Sadeh Festival is an Iranian festival celebrating the discovery of fire by Hushang, the second Shah of the mythological Pishdadian dynasty of Persian Empire. It is celebrated fifty days before the arrival of Nowruz in Iran and parts of Afghanistan and Tajikistan since the Achaemenid Era.
Sadeh means “centenary” in Persian language. Sadeh is a mid winter festival that was celebrated with grandeur and magnificence in ancient Iran.

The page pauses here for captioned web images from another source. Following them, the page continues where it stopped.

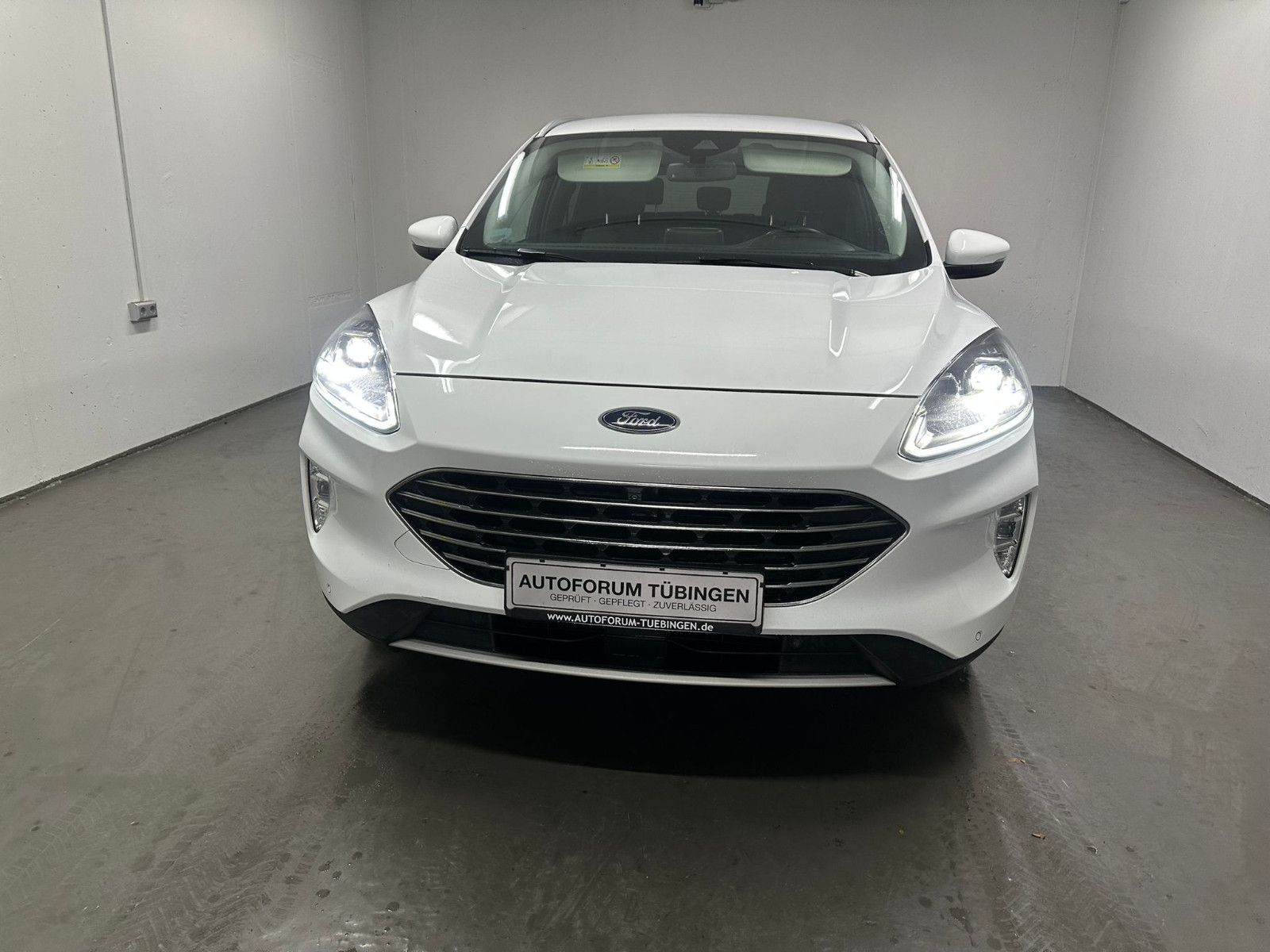 Fahrzeugabbildung Ford Kuga 1,5 EcoBlue Titanium X AUTOMATIC*AHK*KAMERA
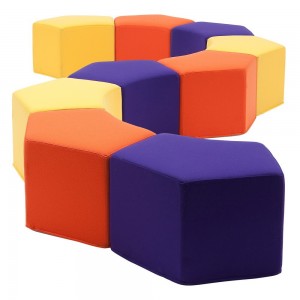 Pouf divertido Pause en diferentes acabados para dormitorio infantil de Softline.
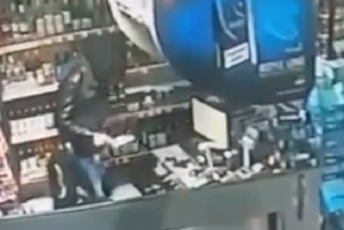 Uz prijetnju nožem opljačkao prodavnicu (Video)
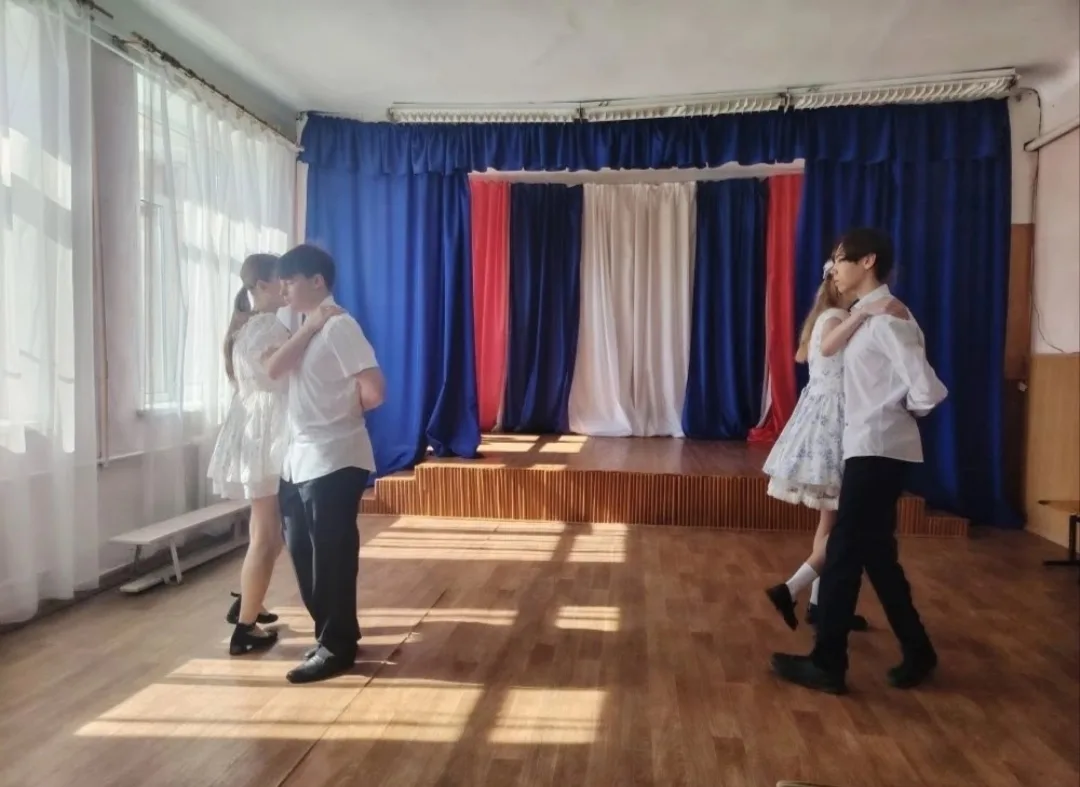 «ОТ БРЕСТА ДО БЕРЛИНА»: ПАМЯТЬ, ОЖИВШАЯ НА СЦЕНЕ🎗  08.05.2026, в преддверии Дня Победы, учащиеся 5–9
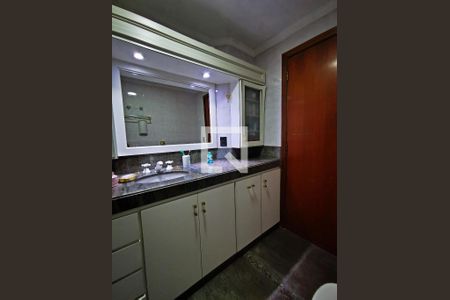 Apartamento à venda com 148m², 4 quartos e 2 vagas Apartamento à venda com 148m², 4 quartos e 2 vagasBanheiro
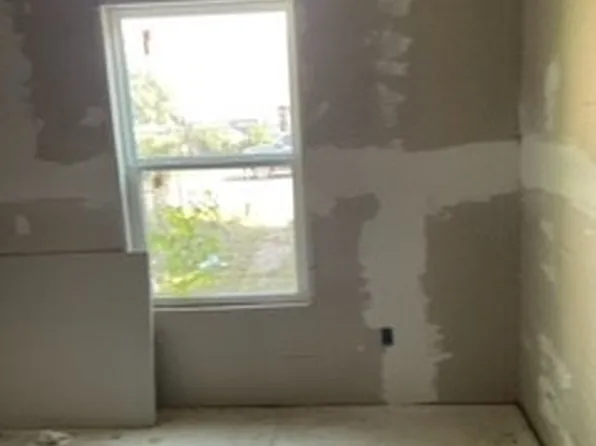 724 E Ramsey Ave, Fort Worth, TX 76104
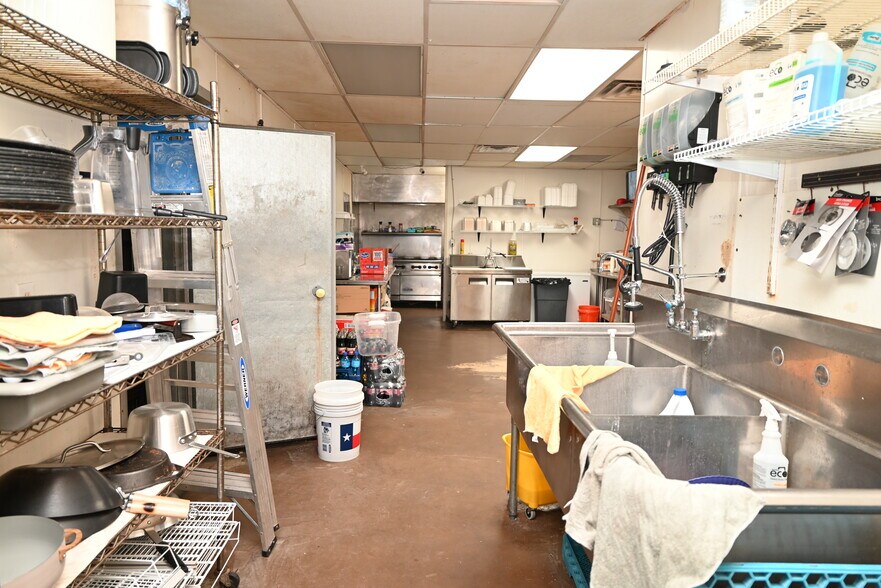 More Photos Of 121 S Berry St, Burkburnett Restaurant For Sale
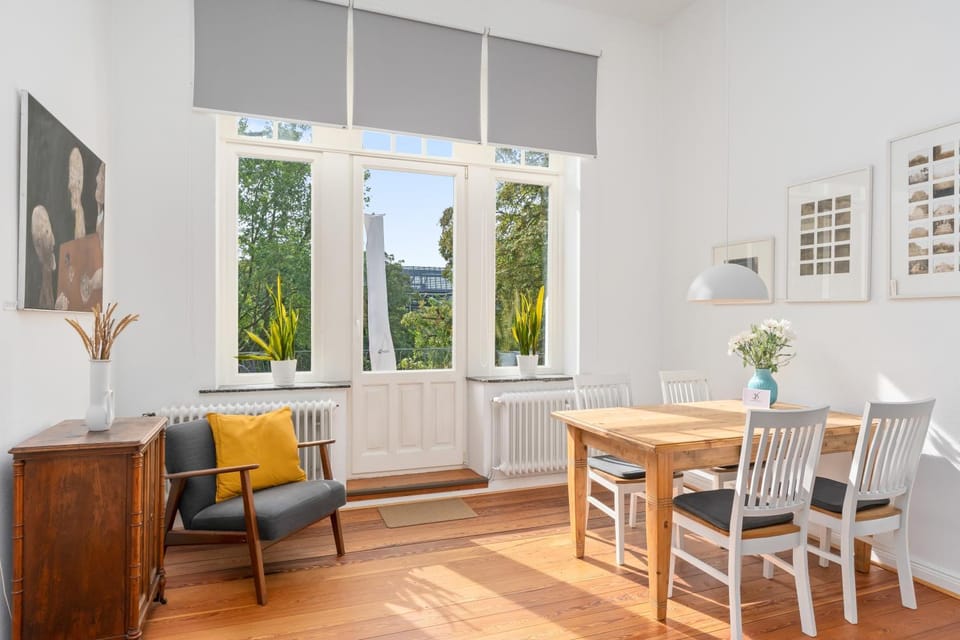 Balcony/Terrace, Dining area
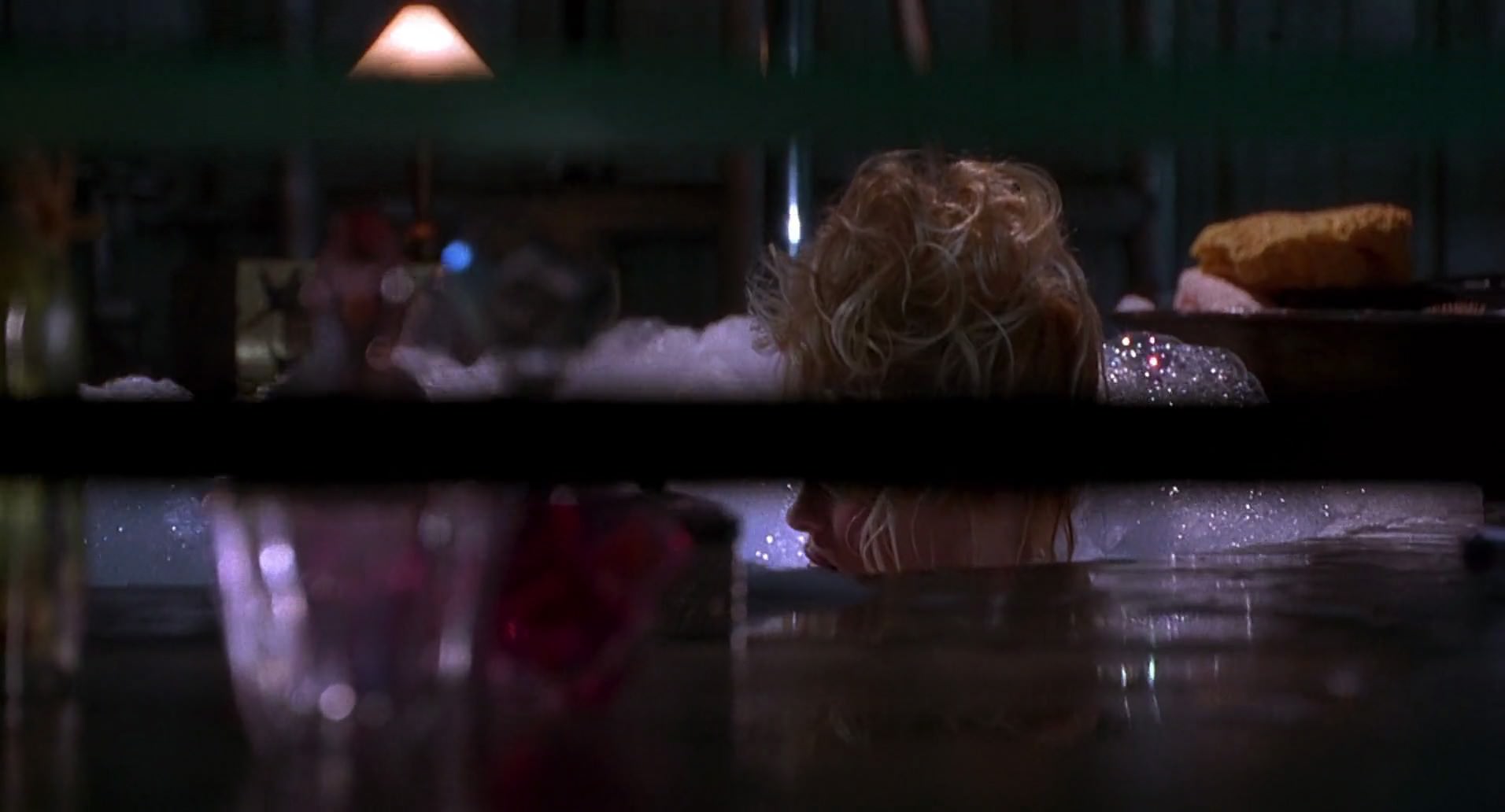 Barb Wire (1996) HD screenshot 6584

Legends have it that Hushang, the 2nd Shah of the mythological Pishdadian dynasty, established the Sadeh tradition. It is said that once Hushang was climbing a mountain when all of a sudden he saw a snake and wanted to hit it with a stone. When he threw the stone, it fell on another stone and since they were both flint stones, fire broke out and the snake escaped. This way he discovered how to light a fire. Hushang cheered up and praised God who revealed to him the secret of lighting a fire. Then he announced: “This is a light from God. So we must admire it.”
According to religious beliefs, Jashn-e Sadeh recalls the importance of light, fire and energy; light which comes from God is found in the hearts of his creatures.
During ancient times, Sadeh was celebrated by lighting fire. For Zoroastrians the chief preparation for Sadeh was and still in some parts is the gathering of wood the day before the festival. Teenage boys accompanied by a few adult males would go to local mountains in order to gather camel thorns, a common desert shrub in Iran. For most, this is the first time they are away from their families. The occasion resembles a ritual of passage to adulthood, a notable step for the boys on the way to manhood. The boys would take the camel thorns to the temples in their cities; and if it were their first time doing this, on their return, a celebration was held at home with the presence of friends and families.
During ancient times, the fires were always set near water and the temples. The fire originally meant to assist the revival of sun and bring back the warmth and light of summer. It was also meant to drive off the demons of frost and cold, which turned water to ice, and thus could kill the roots of plants.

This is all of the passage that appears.